Dari Abu Sa’id Al-Khudri radhiyallahu ‘anhu, ia berkata bahwa Rasulullah shallallahu ’alaihi wa sallam bersabda, “Jika kalian mendengar azan, ucapkanlah seperti yang diucapkan muazin.” (Muttafaqun ‘alaih) [HR. Bukhari, no. 611 dan Muslim, no. 383]
وَلِلْبُخَارِيِّ: عَنْ مُعَاوِيَةَ
Dalam riwayat Bukhari disebutkan, haditsnya dari Mu’awiyah. [HR. Bukhari, no. 612, 613]
وَلِمُسْلِمٍ: – عَنْ عُمَرَ فِي فَضْلِ اَلْقَوْلِ كَمَا يَقُولُ اَلْمُؤَذِّنُ كَلِمَةً كَلِمَةً, سِوَى اَلْحَيْعَلَتَيْنِ, فَيَقُولُ: “لَا حَوْلَ وَلَا قُوَّةَ إِلَّا بِاَللَّهِ” – .
Dalam riwayat Muslim, dari tentang keutamaan ucapan hendaklah yang mendengarkan azan mengucapkan sebagaimana yang diucapkan muazin satu demi satu, kecuali pada kalimat hay’alatain (hayya ‘alash sholah dan hayya ‘alal falah), hendaklah mengucapkan, “LAA HAWLA WA LAA QUWWATA ILLA BILLAH.” [HR. Muslim, no. 385]
Faedah hadits
- Disunnahkan mengikuti lafazh azan, sebagaimana pendapat jumhur ulama.

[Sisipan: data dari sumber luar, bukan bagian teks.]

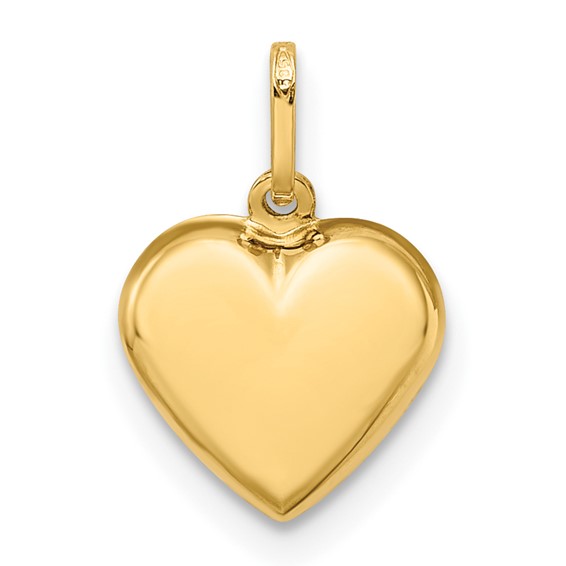 Gold 3D Puff Heart Charm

- Mengikuti muazin itu pada seluruh lafazh azan kecuali pada kalimat hay’alataini (hayya ‘alash sholaah dan hayya ‘alal falaah) diikuti dengan ucapan “LAA HAWLA WA LAA QUWWATA ILLA BILLAH”. Termasuk kalimat “ash-sholaatu khoirum minan nauum” diikuti dengan kalimat yang sama.
- Kenapa jawaban untuk hay’alataini (hayya ‘alash sholaah dan hayya ‘alal falaah) itu dengan kalimat “LAA HAWLA WA LAA QUWWATA ILLA BILLAH”? Karena kita bisa menghadiri shalat berjamaah dan mendirikan shalat hanya dengan kekuatan dan pertolongan dari Allah.
- Mengikuti ucapan azan tetap ada ketika melakukan thawaf keliling Kabah karena azan itu ucapan dzikir.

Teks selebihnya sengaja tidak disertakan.